DISC THREE – BLU-RAY EXTRAS

  • The Director and The Jedi (HD – 95:23)
  • Balance of the Force (HD – 10:17)
  • Andy Serkis Live! (One Night Only) (HD – 5:49)
  • Scene Breakdown: Lighting the Spark: Creating the Space Battle (HD – 14:23)
  • Scene Breakdown: Snoke and Mirrors (HD – 5:40)
  • Scene Breakdown: Showdown on Crait (HD – 12:56)
  • Meet the Porgs (HD – 6:01)
  • Deleted Scenes: Introduction from Rian Johnson (HD – :49 – all scenes include optional commentary)
  • Deleted Scene: Alternate Opening (HD – 1:32)
  • Deleted Scene: Paige’s Gun Jams (HD – :33)
  • Deleted Scene: Luke Has a Moment (HD – 1:02)
  • Deleted Scene: Poe: Not Much of a Sewer (HD – :41)
  • Deleted Scene: It’s Kind of Weird That You Recorded That (HD – :54)
  • Deleted Scene: The Caretaker Sizes Up Rey (HD – :37)
  • Deleted Scene: Caretaker Village Sequence (HD – 2:52)
  • Deleted Scene: Extended Fathier Chase (HD – 5:45)
  • Deleted Scene: Mega Destroyer Incursion – Extended Version (HD – 3:49)
  • Deleted Scene: Rose Bites the Hand That Taunts Her (HD – 1:05)
  • Deleted Scene: Phasma Squealed Like a Whoop Hog (HD – 1:30)
  • Deleted Scene: Rose & Finn Go to Where They Belong (HD – :27)
  • Deleted Scene: Rey & Chewie in the Falcon (HD – :11)
  • Deleted Scene: The Costumes and Creatures of Canto Bight (HD – 1:29)

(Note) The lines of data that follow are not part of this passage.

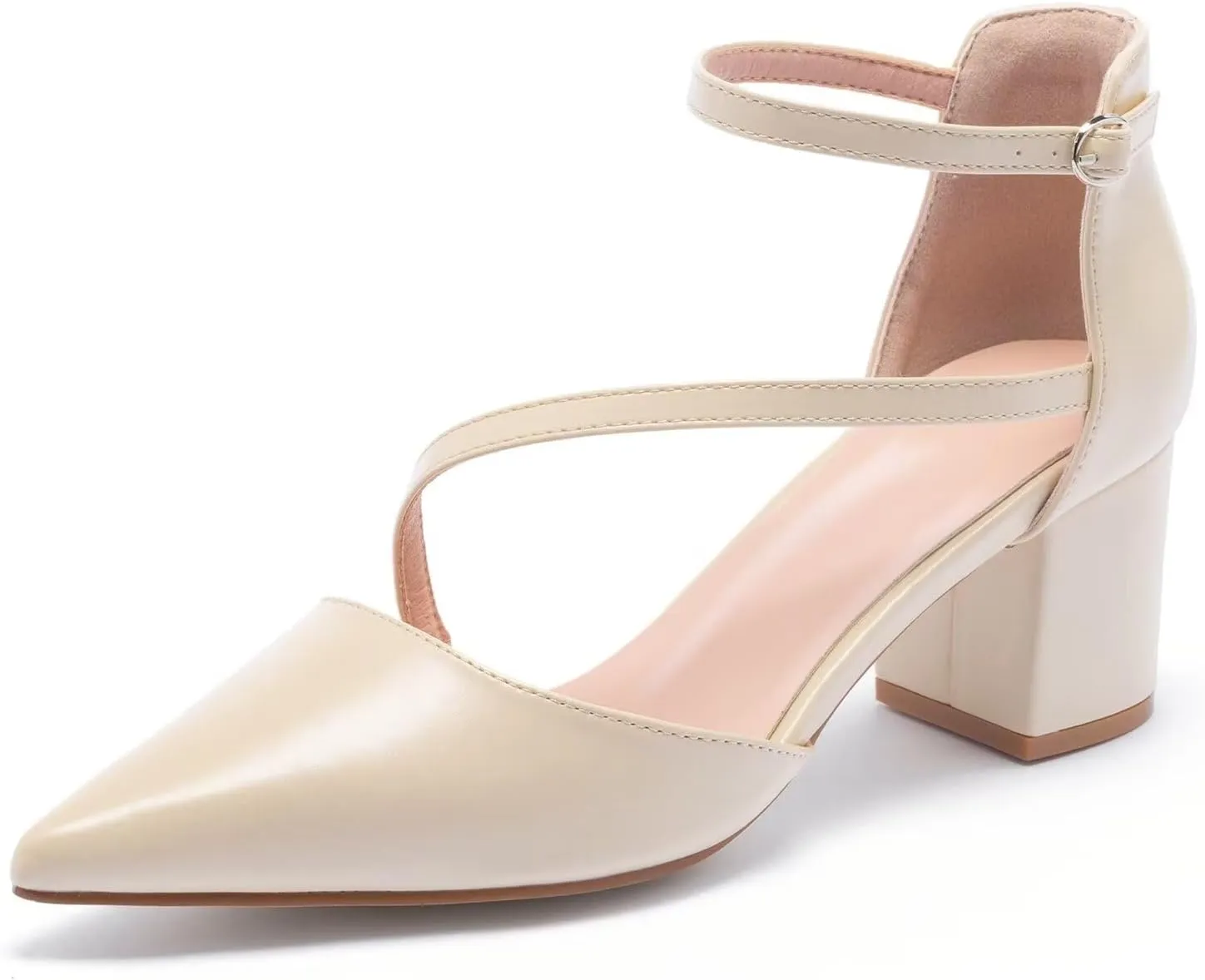 Frank Mully Women's Heel Pumps Close Toe Heels Low Block Chunky Pumps Shoes with Ankle Straps Wedding Party Dress Shoes Rhinestone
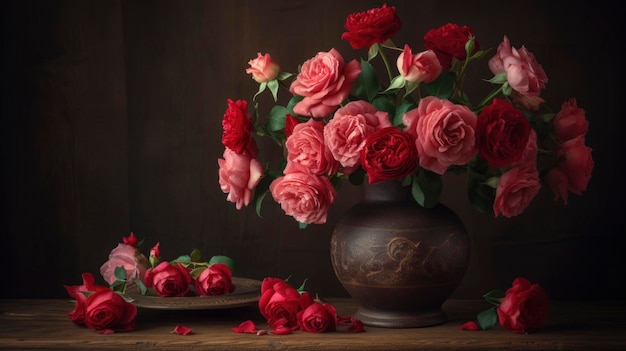 A vase of roses with a red flower on the table.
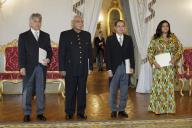 O Presidente da República, Aníbal Cavaco Silva, recebe as cartas credenciais de novos Embaixadores em Portugal, a 20 de janeiro de 2015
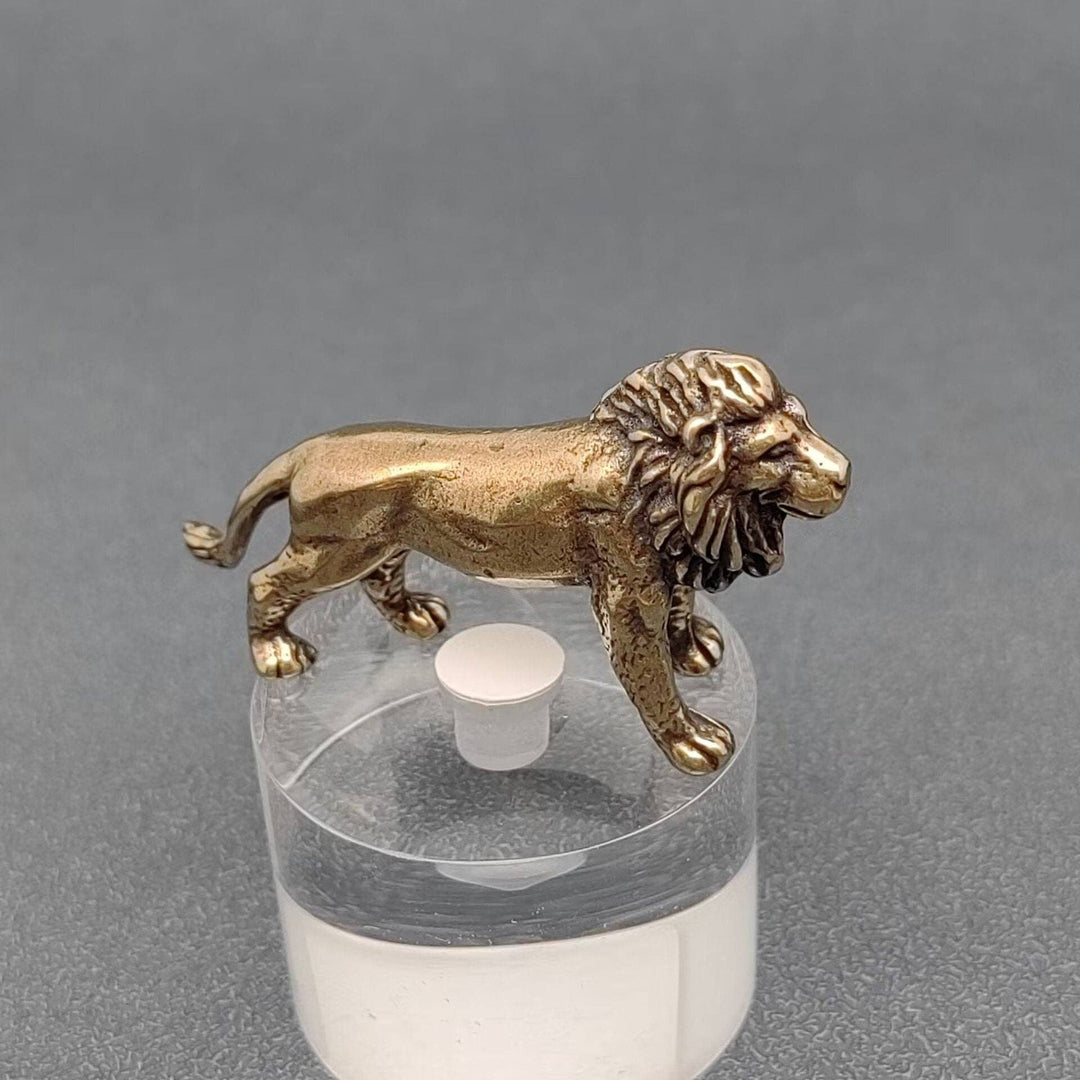 Brass Lion Desktop Ornament radiating courage and grounded boho energy for spiritual home decor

These extras are essentially identical to those available on the previous Blu-ray edition with two exceptions: You now get the Score-Only Version of the Movie that was previously a Digital exclusive (it’s on the actual movie Blu-ray) and also the Meet the Porgs featurette that was a Target exclusive. Both are quite good, but it’s especially nice to finally be able to enjoy that score version on disc. Seeing more directly the way Williams’ score enhances the on-screen imagery is a powerful experience—I can’t recommend it more highly. The rest of this material remains the one finest special editions of the last few years. Every bit of it was created for fans, not just EPK purposes. To start with, The Director and The Jedi is one of the best, most honest and refreshing Blu-ray features in recent memory. Your view is fly-on-the-wall, there to see a number of key moments in the production. Two in particular are moving, including Mark Hamill seeing Frank Oz performing Yoda for the first time in years, and also Mark and Carrie shooting their critical scene together late in the film. The next best feature is Balance of the Force, which should deepen your appreciation of what Johnson’s done with this film thematically. The other featurettes are worth your time too. Johnson’s audio commentary includes more production anecdotes as well as additional story and character insights. The scene breakdowns are straight-up featurettes and there are some genuinely great deleted scenes too. Finally, the Andy Serkis piece lets you see his climactic performance as Snoke sans digital enhancement. Note that the Bonus Disc also has optional subtitles available in English for the Hearing Impaired, French, French (Québécois), Castilian Spanish, Spanish, German, Italian, Dutch, and Japanese. Of course, you also get a Movies Anywhere Digital code on a paper insert. Technically, the only thing you’re missing is the all-region Blu-ray 3D version of the film that was available in the UK only—but you can still get that here on Amazon separately.

Rian Johnson’s The Last Jedi honors everything that makes Star Wars and its foundational characters so compelling, while understanding that this franchise must evolve beyond the Skywalker family, and simple tales of Jedi and Sith, to go in new directions. I’m confident the film will grow in appreciation with time, even if some fans have struggled with it thus far. In any case, Disney and Lucasfilm’s refreshed 4K Ultra HD release is straight-up reference quality and its extras are a Force to be reckoned with. It’s highly recommended.